1943 mantık kitabında önerme niceliklerine göre tümel ya da tikel olur. Niteliklerine göre olumlu ya da olumsuz olurlar. Yükümü tasdik eden önermeler olumlu, inkâr eden önermeler olumsuzdur. Bunlar da 4 şekildir. 2011 mantık kitabında da aynı sınıflama ve açıklama vardır. Burada olumlu önerme, yüklemde belirtilen özelliğin öznede bulunduğunu gösteren önerme olarak tanımlanmıştır. Olumsuz önerme ise, yüklemde bildirilen özelliğin öznede bulunmadığını gösteren önerme olarak açıklanmıştır. Sonuçta yükümü tasdik etmek yüklemde bulunan özelliği onaylamak demektir. İnkâr etmek ise bu özelliği onaylamamaktır. Bu bağlamda açıklamalar birbirine yakındır.

1943 mantık kitabına göre bilinen iki önermeden üçüncü bir önermeye geçmeye usavurma denir. Buna karşılık 2011 mantık kitabında bu kavram akıl yürütme olarak tanımlanmıştır. Buna göre akıl yürütme; zihnin, birbiriyle ilişkili önermelerden yeni bir önerme çıkarması işlemidir. Ayrıca çıkarım akıl yürütme olarak ifade edilmiştir. Çıkarım bir ya da birden fazla önermeden yeni önerme ya da önermeler elde etmektir. Bu tanımda diğerlerinden farklı olan durum bir önermeden de sonuca gidilebildiği ve bu işin çıkarım ya da akıl yürütme olduğudur. Özlem (1994:29)’e göre akıl yürütme, en az iki düşünce arasında bu düşüncelerden en az birini öbürünün kanıtlayanı olarak ele alıp buradan sonuca ulaşmaktır. Başka bir ifadeyle akıl yürütme kanıtlama, ispat denilen düşünme işlemidir.

1943 mantık kitabına göre her usavurmanın en az üç öğesi vardır. Bunlar aşağıdaki gibidir: Bütün insanlar duyguludur. (Öncül)

Ahmet insandır. (Öncül)

O halde, Ahmet de duyguludur. (Sonurgu)

2011 mantık kitabında kıyastaki son önerme sonuç önermesi olarak adlandırılmıştır. Yani 1943 mantık kitabındaki sonurgu kavramı, 2011 mantık kitabındaki sonuç kavramına karşılık gelmektedir.

1943 mantık kitabına göre eğer, usavurmada çıkartılan sonurgu iki önermeden çıkartılıyorsa araçlı, tek önermeden çıkıyorsa araçsız bir usavurmadır. Birinciye tasım, ikinciye karşılama ve evirme denir. Burada birbirine karşı olanlar, önermelerin birbiri olan ilişkilerindeki gibi dört şekildir. Bir önermenin niteliğini değiştirmeden nesnesini yüküm, yükümünü nesne yerine koymaktır.

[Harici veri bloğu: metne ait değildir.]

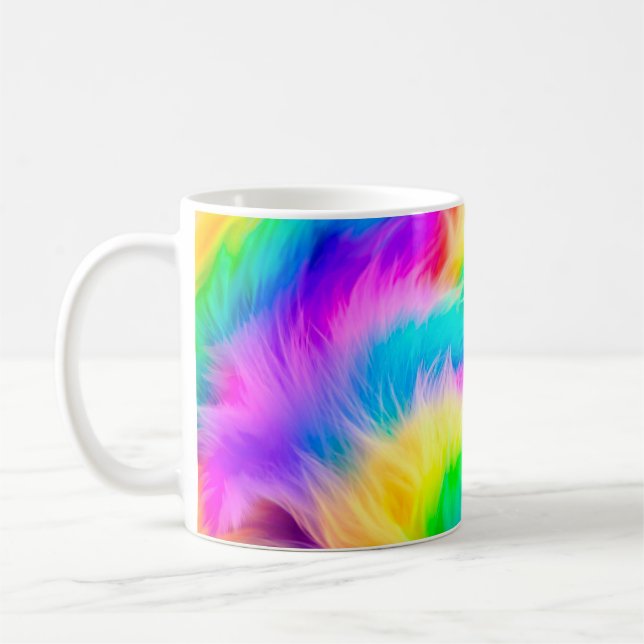 Mug Conception de fourrure couleurs arc-en-ciel-75293 (Gauche)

Bu durum 2011 mantık kitabında kıyas konusunda ele alınmıştır. Kıyasta (tasım) öncüller ve sonuç vardır ve bu da 1943 mantık kitabındaki araçlı usavurmaya karşılık gelmektedir. İkinci usavurma olan “karşılama” kavramının, 2011 mantık kitabında “karşıtlık çıkarımlarına” ve “evirme” kavramının ise 2011 mantık kitabında döndürme çıkarımlarına karşılık geldiği anlaşılmaktadır. Fakat 2011 mantık kitabında “döndürme” kavramının tanımı, önermelerin niteliğini bozmadan öznesini yüklem, yüklemini özne yapmak suretiyle anlamca eşdeğer ve aynı doğruluk değerine sahip yeni bir önerme elde etme olarak yapılmıştır.

Çüçen (2006:73)’e göre döndürme, önermenin nitelik ve niceliğine dokunmadan öznesini yüklem, yüklemini özne yapmaktır. Fakat amaç doğru önermeden ona eşdeğer doğru bir önerme elde etmektir. Bu açıklama 2011 mantık kitabı ile paralellik taşımaktadır. Dolayısıyla 1943 mantık kitabındaki tanımın eksik olduğu

(7)

anlaşılmaktadır. Eksik olan nokta önermenin doğruluk değerinin değiştirilmemesi gerektiğinin vurgulanmamasıdır.

1943 mantık kitabına göre araçlı usavurma tümevarım ve tümdengelim olarak iki tanedir. Tümevarım tikel olan önermeden tümel bir önermeye geçmek demektir. Bu da iki çeşittir. Bunlardan birincisi olan genel tümevarım, şekil itibariyle birbiri ile ilgili olan tikel önermelerin bağlılaşmasından ortaya çıkan usavurmadır. Örneğin: Ahmet, Hasan, Hüseyin çalışkandırlar. Bunların hepsi insandır. Öyleyse bütün insanlar çalışkandır. İkincisi olan genişletici tümevarım, deneylerin sonucu ile elde edilir. Örneğin: Demir, bakır, kalay sıcaktan genleşir. Bunların hepsi madendir. Öyleyse bütün madenler sıcakta genleşir.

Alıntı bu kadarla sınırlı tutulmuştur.